AFECTOS Y PETICIONES
«En tus manos encomiendo mi
espíritu. Tú me has redimido, Señor. Dios de la verdad» (Sal, 30, 6). ¡Oh dulce
Redentor mío! ¿Qué sería de mí si me hubieras enviado la muerte cuando me
hallaba apartado de Vos? Estaría en el infierno, donde no podría amaros.
Inmensa es mi gratitud porque no me habéis abandonado y por las innumerables
gracias que me habéis concedido para que os entregue mi corazón. Duéleme de
haberos ofendido, os amo sobre todas las cosas, y os ruego que siempre me deis
a conocer el mal que cometí despreciándoos, y el grande amor que merece vuestra
infinita bondad. Os amo, y si así os agrada, deseo morir pronto para librarme
del peligro de volver a perder vuestra santa gracia, y para estar seguro de
amaros eternamente.

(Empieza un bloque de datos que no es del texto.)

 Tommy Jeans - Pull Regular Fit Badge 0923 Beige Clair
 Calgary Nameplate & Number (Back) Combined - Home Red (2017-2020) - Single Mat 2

Dadme, pues, ¡oh amado Jesús!, dadme, en el tiempo que me
queda de vida, esfuerzo y ánimo para serviros en algo antes que llegue la
muerte. Dadme fortaleza para vencer la tentación y las pasiones, sobre todo
aquellas que en la vida pasada más me movieron a ofenderos. Dadme paciencia
para sufrir las enfermedades y las ofensas que el prójimo me hiciere. Yo, por
vuestro amor, perdono a los que me han ofendido, y os suplico que les otorguéis
las gracias que desearen. Dadme también mayor esfuerzo para ser diligente y
evitar las faltas veniales que a menudo cometo. Auxiliadme, Salvador mío; todo
lo espero de vuestros méritos.
Y toda mi confianza pongo en
vuestra intercesión, ¡oh María, mi Madre y mi esperanza!